What I am arguing is, the Trinamul Congress was created in 1998 with cadre support from the RSS. It participated in Vajpayee’s government. This was a long term plan of the RSS, which can truly plan for decades. Now, having made the Left a marginal factor in electoral politics in west Bengal, the RSS wants to oust her and get their direct forces in. The election victory is a step in that direction. But the RSS would like the Trinamul Congress to survive, because for historic reasons, the Congress, the other main bourgeois party in the state, cannot compromise with the BJP/RSS, and the RSS still sees the left as its main enemy, as Modi’s post-election speech showed. He said that for the first time in half a century India has no communist government, and this indicates a change in the mindset of people.
Prospects for the Left:
There is a clear difference between contemporary fascism and its classical ancestors. It has generally not tried to abolish the forms of bourgeois democracy, even while it scrapes a thin layer of butter over more and more space. That means the left will be tormented, activists will be accused with false charges, kept arrested without even bail hearings, public meetings will be halted, but the parties will formally be allowed to exist. The radical left needs to clarify politics, but also to try to build organisational unity based on real agreements.

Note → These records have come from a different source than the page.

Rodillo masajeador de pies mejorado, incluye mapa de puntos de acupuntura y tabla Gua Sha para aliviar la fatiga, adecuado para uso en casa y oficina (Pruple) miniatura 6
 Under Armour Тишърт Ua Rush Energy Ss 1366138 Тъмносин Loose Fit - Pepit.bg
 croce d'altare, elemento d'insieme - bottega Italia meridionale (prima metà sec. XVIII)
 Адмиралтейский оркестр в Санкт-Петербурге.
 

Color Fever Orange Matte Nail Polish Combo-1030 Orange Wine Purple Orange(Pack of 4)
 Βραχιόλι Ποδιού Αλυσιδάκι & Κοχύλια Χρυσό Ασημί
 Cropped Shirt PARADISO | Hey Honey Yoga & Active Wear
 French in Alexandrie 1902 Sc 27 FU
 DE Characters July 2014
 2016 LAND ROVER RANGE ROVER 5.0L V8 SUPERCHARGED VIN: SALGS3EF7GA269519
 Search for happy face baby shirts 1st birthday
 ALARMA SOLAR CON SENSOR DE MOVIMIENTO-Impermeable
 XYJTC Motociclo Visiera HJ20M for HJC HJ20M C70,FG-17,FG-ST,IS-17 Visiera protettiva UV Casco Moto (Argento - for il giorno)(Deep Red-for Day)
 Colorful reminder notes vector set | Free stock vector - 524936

The elections saw the Left Front holding their votes compared to 2021. This means the theory that the Left is consciously pushing its supporters to vote the BJP does not reflect the truth. It is evident that some who had voted the left 15 or 20 years no longer do so. Even in 2011 when it lost, the left front had nearly 40% votes. Now it has just over 5%. But voters are not serfs. Mny moved to the BJP because when the Trinamul attacked left cadres the leaders failed to stand and fight, if necessary physically. Others had come in to a left entrenched in power for loves and fishes, and hen the perks disappeared so did they.
For the first phase of the election campaign the CPIM leaders carried on their routine unless the TMC is defeated the BJP cannot be tackled type o rhetoric. Around mid-March, however, reports from the ground made them realise that the tide was flowing so sharply against the TMC they need not bother. But the tide was going to the BJP. So thereafter they focused with a single mided intensity om the BJP. This should have been done for the past five years, along withactually resisting TMC crooked behaviour on the streets.
The left now faces difficult times. It must build its bases. And it has to do in a changed landscape. Large factories have been disappearing. Building mass organisations and movements means not just trade unions and peasant organisations, but serious sustained work among LGBTIQ+ groups, building serious ecological left movements, and so on. That will also enable the left to make meaningful contact with Dalits and advasis.
The RSS is still relatively weak in organisational terms in West Bengal. The Left must use what time it has to go to the people with its alternative ideology, values and build resistance. For the RSS-BJP attacking independent thinking is vital. There will be an assault on Jadavpur University in line with the earlier assaults on JNU. School level education will be under rapid Hinduization. The left has to look at these dimensions as well.